Monday, April 9, 2012

Camping Trip...FAIL!

A few weeks ago, Erik and I started discussing what we should do for the Easter holiday weekend. After some deliberation, we decided that it would be a great time to go camping. However, once we started talking about the possibility of camping with friends and co-workers, we learned that Easter is essentially the most popular weekend of the year to go camping in Victoria, and that most campsites were already booked full for the Easter holiday. Not a problem, we thought...we will just delay our trip a few days and go camping for just one night instead of a few, since we were both off work for a couple of days after the holiday weekend.
We spent much of our beautiful Easter Sunday on a long walk near our house.
If only the weather had stayed this nice for Monday...
This past week, I found a book in the library that was helpful in identifying a few more "bush" (the Aussie equivalent to wilderness-based) campsites, though I learned that most sites within an hour or so of the city were larger caravan-type campgrounds. We planned out a few potential hiking and camping areas and packed the car last night. Unfortunately, when we woke up this morning, the weather had taken a turn from pleasant and sunny to cold and rainy! (I did hear on the radio on our drive back home that today was the coldest day in 5 months in Melbourne, which explains why even though the temperature was around 50F, it felt absolutely freezing). While we debated what to do, we caught the exciting end of the Masters, live from Augusta, which was absolutely worth getting a late start for, in my opinion. There seemed to be some patches of blue sky mixed within the clouds, so we decided to head out on some sort of adventure, though we were undecided about our final destination at that point. Sadly, the weather only got worse, and by the time we were in Frankston, a small coastal town on the Mornington Peninsula, it was raining hard and the wind was howling. We nearly turned around to go home, but after looking at the radar, it appeared that the further south we went, the better the weather would get. So we made our way down the peninsula, stopping at a few areas along the way to enjoy the scenery, and we did, in fact, counter some blue skies along the way. The drive reminded me a lot of the Great Ocean Road, though not quite as spectacular, but the road winds along the coast, providing scenic water and beach views.
One of the nice views along the Mornignton Peninsula.
We ended up all the way down at the end of the Mornington Peninsula at Port Nepean National Park. It was free to enter, and from the park you can witness beautiful views of both Port Phillip Bay and the open ocean. The wind was ferocious when we were near the ocean, with gusts so hard at times that I thought I would be knocked over! There are several walking trails within the park, most with access to different forts that were used by Australian soldiers in both World War I and II. In addition to the entrance of Port Phillip Bay being the most heavily fortified port of the Brittish Empire, the area has evidence of some of the earliest European settlement in Victoria, so this would be a great place to visit for history buffs.
In 1967, prime minister Harold Holt disappeared here while swimming.
Evidence of the former military presence.
We ate lunch at the former site of Pearce Barracks, which were torn down in 2007. The land in the distance is the town of Queenscliff, which is on the western side of Port Phillip Bay. A ferry provides transport between the two sides.
We spent a few hours walking around Port Nepean, and then headed over to Sorrento Back Beach to check out some additional ocean waves. Again, the wind was fierce and that made the cold temperatures seem even colder, but the views were worth braving the cold. There were even a few crazy kids in the water (in wetsuits, of course!)
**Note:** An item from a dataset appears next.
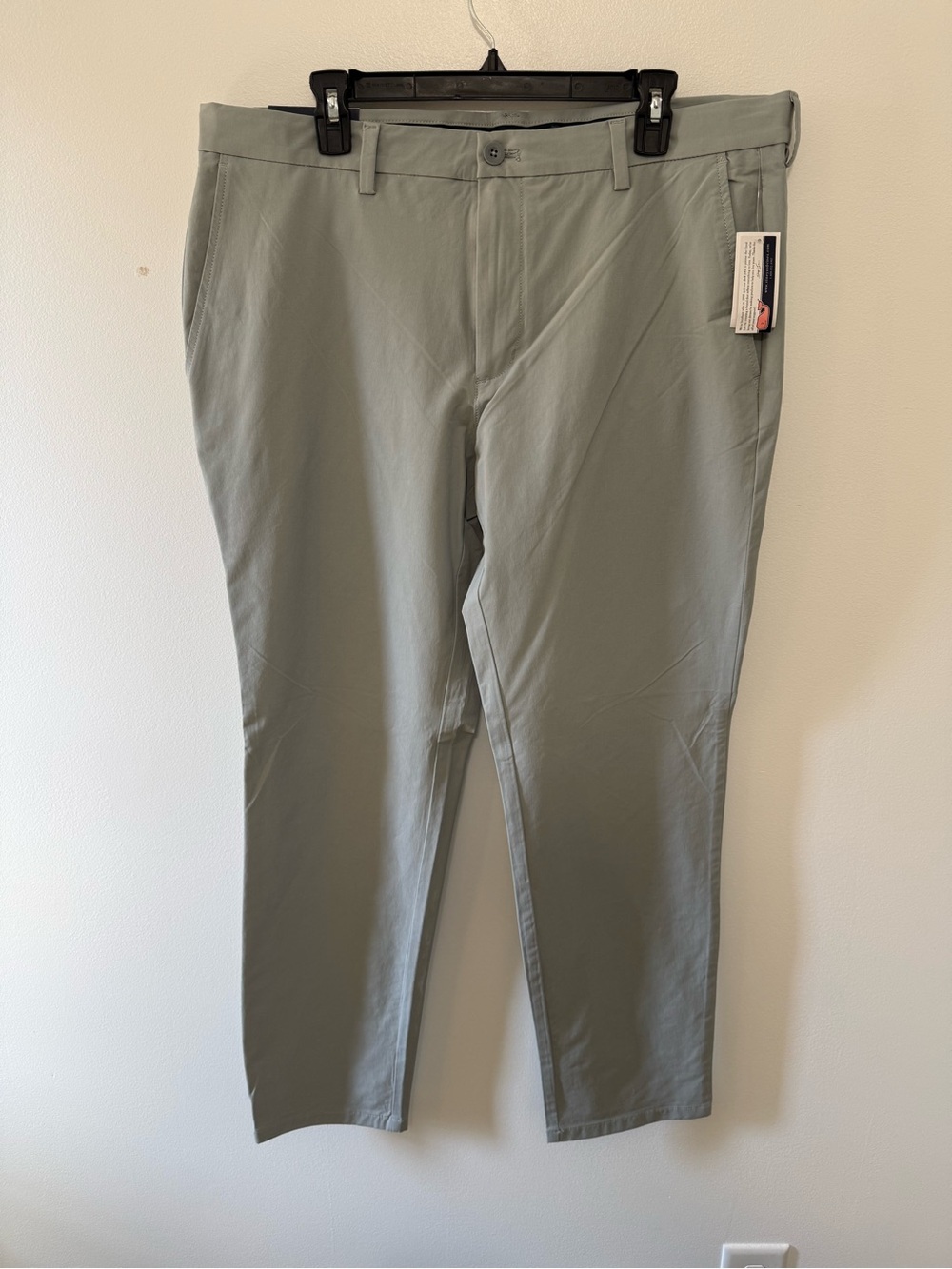 Vineyard Vines Men's Chino Pants in Khaki Breaker Pant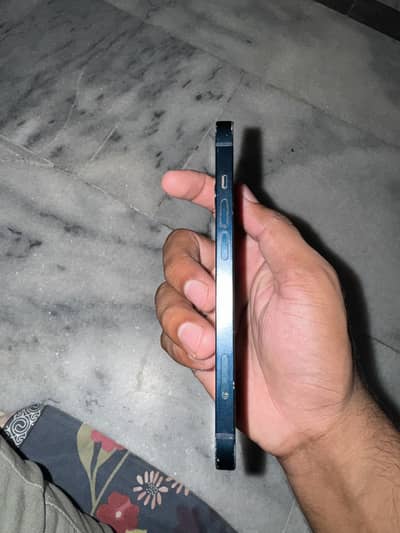 Apple iPhone 13 | 128gb | JV | 83% Health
At this point we had pretty much ruled out camping. There are spots to camp along the end of the Mornington Peninsula; however, they are all caravan parks, not the "bush" campsites we were hoping for. The closest bush campsite that I knew of was a two hour drive away, and home was less than a two hour drive away, so that was a pretty easy decision to make. This was sort of similar to our decision to leave the Great Ocean Road a night early to head home due to lack of good camping options. Hopefully we'll be more fortunate on our next camping trip in regards to campsites and weather!